UNE Center for Global Humanities presents “Broke and Patriotic in America”

Francesco Duina
Francesco Duina

Why are the poorest Americans among the most patriotic? The social benefits they receive are worse than those afforded citizens of other Western nations, and studies show that the American Dream of upward mobility is largely a myth. So why do impoverished Americans love the country more ardently than rich Americans do? And why are they significantly more patriotic than the poor citizens of other nations? 

An upcoming lecture at the University of New England’s Center for Global Humanities will take up these questions and others when scholar Francesco Duina presents “Broke and Patriotic in America” on Monday, December 10 at 6:00 p.m. at the WCHP Lecture Hall in Parker Pavilion on the UNE Portland Campus.       

Duina will draw from his critically-acclaimed book, Broke and Patriotic: Why Poor Americans Love Their Country, which won a 2018 Independent Book Publisher Award.

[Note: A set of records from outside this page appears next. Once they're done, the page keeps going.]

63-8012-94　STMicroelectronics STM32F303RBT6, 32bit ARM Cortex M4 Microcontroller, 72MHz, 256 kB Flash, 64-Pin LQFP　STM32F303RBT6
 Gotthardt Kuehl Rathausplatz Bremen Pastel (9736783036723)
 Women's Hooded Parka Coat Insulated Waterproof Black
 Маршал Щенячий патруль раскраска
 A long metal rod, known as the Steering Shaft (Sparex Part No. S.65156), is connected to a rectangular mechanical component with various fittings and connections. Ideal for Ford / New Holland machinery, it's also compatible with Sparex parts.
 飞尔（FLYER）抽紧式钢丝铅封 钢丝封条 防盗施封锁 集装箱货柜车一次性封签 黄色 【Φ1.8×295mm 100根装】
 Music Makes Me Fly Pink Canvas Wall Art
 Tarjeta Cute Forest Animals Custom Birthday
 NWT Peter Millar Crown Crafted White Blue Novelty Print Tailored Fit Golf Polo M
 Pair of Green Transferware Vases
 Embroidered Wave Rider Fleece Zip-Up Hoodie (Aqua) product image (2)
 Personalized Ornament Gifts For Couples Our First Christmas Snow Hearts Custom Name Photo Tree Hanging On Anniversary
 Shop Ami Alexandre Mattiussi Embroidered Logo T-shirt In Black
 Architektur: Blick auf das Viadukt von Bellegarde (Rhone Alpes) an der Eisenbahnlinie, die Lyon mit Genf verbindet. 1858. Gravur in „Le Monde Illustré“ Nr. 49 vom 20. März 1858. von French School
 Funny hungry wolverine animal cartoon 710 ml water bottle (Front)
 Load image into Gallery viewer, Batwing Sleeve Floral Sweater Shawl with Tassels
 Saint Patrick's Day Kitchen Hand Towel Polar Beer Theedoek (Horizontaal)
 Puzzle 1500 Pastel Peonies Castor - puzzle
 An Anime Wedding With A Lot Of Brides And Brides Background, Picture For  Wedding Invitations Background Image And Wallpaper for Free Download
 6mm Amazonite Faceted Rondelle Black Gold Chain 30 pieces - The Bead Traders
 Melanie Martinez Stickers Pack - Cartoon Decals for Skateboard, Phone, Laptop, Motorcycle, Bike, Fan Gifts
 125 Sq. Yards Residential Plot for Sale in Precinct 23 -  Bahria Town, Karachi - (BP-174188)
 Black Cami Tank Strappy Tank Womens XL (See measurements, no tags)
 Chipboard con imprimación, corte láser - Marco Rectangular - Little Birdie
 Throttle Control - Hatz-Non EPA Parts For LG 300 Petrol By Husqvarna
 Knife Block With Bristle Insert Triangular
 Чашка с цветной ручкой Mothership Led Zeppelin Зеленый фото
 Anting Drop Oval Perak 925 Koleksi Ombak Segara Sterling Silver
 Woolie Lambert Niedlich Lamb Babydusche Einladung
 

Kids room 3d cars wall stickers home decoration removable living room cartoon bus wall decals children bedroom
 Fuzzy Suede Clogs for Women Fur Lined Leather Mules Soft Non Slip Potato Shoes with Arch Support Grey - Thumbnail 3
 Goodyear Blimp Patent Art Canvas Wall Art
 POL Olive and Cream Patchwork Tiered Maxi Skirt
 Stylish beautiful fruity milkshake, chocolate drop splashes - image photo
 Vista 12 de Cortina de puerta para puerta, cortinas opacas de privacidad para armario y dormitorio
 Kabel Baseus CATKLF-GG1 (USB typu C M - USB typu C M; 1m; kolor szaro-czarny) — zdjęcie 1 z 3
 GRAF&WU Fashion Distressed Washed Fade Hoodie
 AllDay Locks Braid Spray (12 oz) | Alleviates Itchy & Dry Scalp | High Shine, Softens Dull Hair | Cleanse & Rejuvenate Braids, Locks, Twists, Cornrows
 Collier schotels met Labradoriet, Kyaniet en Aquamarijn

He will discuss the process of visiting bus stations, laundromats, homeless shelters, public libraries, and other sites to hear poor Americans explain their feelings for the country. And he will share the insight he gleaned into the American spirit, the American dream, and the American people.

Duina serves as a professor of sociology at Bates College in Maine, as well as an honorary professor of sociology at the University of British Columbia in Canada. Since earning his Ph.D. from Harvard University, he has published widely on economic, political and cultural sociology. In addition to Broke and Patriotic, he has authored such works as Winning: Reflections on an American Obsession, The Social Construction of Free Trade, and Institutions and the Economy. 

This will be the sixth and final lecture of the fall semester at the Center for Global Humanities, where events are always free, open to the public, and streamed live online.